La psicomotricità è una disciplina sviluppata in Francia da Bernard Aucouturier e André Lapierre. Essa si pone l’obiettivo di valorizzare la sinergia tra esperienza corporea ed immagine mentale, tra azione e mondo interiore, tra atto ed intenzionalità, considerando l'individuo in un'ottica di integrazione tra gli elementi esperienziali, emozionali ed intellettivi.La Pratica Psicomotoria ha principalmente un carattere educativo e poggia su semplici basi: gioco spontaneo, movimento corporeo e piacere del vissuto relazionale. Favorisce nel bambino il movimento, la socializzazione, l'interiorizzazione del senso delle regole, la capacità di ascolto dei propri bisogni, una competenza emozionale, il riconoscimento della dinamica desiderio-pensiero-azione e l'ampliamento delle competenze cognitive, quindi specificamente a sostegno degli apprendimenti.

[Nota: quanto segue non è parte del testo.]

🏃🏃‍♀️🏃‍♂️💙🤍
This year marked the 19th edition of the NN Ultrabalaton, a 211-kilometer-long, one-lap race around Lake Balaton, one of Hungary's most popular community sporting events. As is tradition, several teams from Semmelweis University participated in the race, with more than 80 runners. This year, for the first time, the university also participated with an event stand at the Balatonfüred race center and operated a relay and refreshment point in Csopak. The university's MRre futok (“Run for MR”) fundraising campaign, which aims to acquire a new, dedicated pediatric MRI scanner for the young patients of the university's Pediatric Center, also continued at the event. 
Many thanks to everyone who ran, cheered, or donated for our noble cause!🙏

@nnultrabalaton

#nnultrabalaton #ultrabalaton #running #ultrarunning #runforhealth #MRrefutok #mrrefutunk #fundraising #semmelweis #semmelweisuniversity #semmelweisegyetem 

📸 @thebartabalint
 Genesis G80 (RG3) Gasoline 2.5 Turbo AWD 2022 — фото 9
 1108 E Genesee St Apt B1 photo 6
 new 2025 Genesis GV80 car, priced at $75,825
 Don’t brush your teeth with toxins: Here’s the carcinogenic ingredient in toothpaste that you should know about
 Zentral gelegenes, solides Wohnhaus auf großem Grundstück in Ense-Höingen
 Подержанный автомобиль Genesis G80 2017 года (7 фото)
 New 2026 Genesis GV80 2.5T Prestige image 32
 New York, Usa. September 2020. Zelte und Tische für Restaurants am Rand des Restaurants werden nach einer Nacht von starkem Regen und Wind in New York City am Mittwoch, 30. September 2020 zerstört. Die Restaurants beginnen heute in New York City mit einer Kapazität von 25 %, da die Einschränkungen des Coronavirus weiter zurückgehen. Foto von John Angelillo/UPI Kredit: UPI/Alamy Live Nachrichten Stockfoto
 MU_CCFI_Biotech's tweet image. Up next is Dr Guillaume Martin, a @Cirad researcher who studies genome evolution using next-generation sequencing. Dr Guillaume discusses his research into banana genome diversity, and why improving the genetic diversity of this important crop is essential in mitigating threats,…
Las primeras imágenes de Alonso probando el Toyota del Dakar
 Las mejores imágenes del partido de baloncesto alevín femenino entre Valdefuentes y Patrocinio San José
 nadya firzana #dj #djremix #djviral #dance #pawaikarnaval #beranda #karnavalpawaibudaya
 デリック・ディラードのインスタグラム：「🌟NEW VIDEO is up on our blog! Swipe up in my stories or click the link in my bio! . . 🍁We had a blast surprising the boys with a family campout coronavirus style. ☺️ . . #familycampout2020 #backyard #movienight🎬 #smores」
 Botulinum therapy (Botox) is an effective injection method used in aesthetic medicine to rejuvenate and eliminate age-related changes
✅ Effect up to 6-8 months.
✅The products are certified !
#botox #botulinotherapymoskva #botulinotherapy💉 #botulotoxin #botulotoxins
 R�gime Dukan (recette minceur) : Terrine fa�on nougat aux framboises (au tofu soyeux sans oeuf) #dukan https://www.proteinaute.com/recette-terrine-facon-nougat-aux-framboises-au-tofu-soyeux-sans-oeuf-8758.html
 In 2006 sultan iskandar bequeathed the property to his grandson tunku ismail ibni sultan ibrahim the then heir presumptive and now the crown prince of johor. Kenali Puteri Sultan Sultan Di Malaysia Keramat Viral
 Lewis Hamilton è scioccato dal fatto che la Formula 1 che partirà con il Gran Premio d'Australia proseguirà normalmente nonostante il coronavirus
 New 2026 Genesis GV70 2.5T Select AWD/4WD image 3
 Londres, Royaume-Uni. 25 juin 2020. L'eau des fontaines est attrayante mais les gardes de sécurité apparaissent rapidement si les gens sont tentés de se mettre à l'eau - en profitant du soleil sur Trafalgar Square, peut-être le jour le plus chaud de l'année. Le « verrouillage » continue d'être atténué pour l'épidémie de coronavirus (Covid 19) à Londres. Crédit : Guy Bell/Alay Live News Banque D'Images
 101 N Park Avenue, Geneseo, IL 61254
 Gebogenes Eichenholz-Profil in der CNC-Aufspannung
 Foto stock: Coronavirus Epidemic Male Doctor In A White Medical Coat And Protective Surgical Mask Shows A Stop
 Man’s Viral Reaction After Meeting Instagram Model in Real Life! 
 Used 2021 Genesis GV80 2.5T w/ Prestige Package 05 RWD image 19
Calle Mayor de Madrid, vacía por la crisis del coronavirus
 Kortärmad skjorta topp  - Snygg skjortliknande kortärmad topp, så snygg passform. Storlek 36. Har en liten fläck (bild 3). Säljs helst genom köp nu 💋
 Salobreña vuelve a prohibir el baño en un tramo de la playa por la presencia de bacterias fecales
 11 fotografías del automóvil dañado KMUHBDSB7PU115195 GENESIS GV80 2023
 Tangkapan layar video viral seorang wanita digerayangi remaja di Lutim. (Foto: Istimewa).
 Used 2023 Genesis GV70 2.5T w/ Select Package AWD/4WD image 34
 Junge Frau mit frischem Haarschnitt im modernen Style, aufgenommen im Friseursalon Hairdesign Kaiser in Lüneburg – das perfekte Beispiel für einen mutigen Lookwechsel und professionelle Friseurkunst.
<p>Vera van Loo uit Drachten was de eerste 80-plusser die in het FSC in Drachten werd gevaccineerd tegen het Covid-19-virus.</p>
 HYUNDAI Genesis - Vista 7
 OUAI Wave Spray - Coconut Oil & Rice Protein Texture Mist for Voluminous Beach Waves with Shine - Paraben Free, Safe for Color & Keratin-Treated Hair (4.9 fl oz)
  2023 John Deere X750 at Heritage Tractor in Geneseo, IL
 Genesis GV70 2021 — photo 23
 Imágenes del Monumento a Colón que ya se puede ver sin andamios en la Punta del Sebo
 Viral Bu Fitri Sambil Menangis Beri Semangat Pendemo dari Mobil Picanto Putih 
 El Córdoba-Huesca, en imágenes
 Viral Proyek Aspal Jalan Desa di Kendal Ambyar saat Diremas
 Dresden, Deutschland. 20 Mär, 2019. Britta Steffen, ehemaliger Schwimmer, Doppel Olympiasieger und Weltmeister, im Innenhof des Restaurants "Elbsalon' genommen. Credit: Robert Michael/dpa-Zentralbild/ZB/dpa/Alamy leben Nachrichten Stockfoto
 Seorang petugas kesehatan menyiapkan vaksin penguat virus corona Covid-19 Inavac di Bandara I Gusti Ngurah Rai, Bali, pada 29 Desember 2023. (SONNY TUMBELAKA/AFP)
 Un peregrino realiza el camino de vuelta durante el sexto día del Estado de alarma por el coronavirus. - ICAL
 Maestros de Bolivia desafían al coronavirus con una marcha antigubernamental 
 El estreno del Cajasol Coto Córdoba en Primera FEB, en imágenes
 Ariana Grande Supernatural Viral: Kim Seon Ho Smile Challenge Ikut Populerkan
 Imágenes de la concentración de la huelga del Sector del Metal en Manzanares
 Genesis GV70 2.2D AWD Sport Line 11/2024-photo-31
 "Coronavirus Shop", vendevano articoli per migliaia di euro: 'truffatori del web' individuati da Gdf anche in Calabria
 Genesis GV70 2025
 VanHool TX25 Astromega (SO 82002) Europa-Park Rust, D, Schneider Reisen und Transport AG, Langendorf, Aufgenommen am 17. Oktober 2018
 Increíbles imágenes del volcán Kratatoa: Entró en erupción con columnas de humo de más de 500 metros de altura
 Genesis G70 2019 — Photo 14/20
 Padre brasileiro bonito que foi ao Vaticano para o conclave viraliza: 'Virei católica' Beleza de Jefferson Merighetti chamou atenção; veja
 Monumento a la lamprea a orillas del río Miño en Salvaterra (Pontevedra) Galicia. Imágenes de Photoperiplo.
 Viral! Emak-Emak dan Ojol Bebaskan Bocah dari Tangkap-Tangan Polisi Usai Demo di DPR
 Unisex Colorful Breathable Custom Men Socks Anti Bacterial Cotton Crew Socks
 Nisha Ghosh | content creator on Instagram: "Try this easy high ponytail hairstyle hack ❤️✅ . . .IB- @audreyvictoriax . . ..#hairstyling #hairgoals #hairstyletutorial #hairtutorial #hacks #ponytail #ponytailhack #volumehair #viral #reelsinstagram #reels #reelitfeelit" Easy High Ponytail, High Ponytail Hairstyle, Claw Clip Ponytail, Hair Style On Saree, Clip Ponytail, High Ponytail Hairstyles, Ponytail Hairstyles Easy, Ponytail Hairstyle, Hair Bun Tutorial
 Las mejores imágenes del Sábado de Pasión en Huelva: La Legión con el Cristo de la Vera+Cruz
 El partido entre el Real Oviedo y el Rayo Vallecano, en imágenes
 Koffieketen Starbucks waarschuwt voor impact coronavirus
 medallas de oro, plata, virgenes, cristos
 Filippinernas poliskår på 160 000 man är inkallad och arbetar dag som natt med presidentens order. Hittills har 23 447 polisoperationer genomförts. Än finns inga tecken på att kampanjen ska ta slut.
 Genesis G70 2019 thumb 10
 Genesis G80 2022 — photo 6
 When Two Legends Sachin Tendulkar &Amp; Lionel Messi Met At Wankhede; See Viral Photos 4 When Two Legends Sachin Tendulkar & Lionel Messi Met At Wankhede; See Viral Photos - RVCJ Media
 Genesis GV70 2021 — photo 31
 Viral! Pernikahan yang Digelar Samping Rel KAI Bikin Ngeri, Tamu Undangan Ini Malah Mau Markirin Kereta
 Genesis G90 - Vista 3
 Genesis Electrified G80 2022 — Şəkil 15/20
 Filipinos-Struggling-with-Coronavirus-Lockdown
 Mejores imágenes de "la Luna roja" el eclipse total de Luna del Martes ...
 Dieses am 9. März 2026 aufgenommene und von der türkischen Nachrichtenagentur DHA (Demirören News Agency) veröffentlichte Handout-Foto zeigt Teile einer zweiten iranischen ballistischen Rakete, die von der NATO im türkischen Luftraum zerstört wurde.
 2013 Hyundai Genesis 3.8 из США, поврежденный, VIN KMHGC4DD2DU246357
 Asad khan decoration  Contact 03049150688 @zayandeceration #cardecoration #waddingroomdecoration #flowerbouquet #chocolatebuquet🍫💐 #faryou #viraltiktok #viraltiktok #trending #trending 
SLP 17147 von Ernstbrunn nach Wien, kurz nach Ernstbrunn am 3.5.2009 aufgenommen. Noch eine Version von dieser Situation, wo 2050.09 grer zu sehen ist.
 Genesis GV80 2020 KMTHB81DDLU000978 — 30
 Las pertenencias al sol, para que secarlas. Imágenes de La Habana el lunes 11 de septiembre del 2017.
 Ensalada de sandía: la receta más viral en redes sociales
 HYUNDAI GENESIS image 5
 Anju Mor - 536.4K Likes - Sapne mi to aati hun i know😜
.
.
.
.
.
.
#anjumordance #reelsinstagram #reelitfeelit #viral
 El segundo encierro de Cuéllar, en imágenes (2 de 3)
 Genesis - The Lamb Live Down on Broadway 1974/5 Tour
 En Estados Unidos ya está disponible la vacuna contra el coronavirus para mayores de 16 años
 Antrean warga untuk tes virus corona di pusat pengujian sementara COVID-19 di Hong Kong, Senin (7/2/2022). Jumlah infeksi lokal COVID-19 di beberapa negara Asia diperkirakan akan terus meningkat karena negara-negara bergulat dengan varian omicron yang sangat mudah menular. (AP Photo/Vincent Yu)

Come è strutturato il progetto?

Il progetto prevede incontri di gruppo per bambini dai 4 ai 6 anni allo scopo di agevolare un'evoluzione psicosociale armonica, attraverso strategie di gioco condivise e lavoro sul simbolico attraverso l'espressività. Il lavoro si basa sull'utilizzo integrato della musica, del ritmo e del movimento, sempre proposti attraverso l’esperienza ludica. Il contesto del gruppo permetterà, inoltre, di sperimentare l’incontro e la relazione con l'altro.

Il progetto prevede la compresenza di una psicologa e di un musicoterapista e si terrà a cadenza settimanale per la durata di un’ora. Il percorso di gruppo sarà preceduto da un incontro individuale di osservazione del bambino da parte dei due conduttori del gruppo.

Quali sono gli obiettivi?

  1. stimolare le competenze motorie ed emotivo-relazionali attraverso il gioco condiviso e l'uso della musica;
  2. favorire l’esperienza di gruppo, la condivisione, la cooperazione;
  3. favorire l’espressione delle emozioni e la regolazione emotiva;
  4. valorizzare il bambino nell’integrazione delle sue componenti emotive, cognitive e corporee.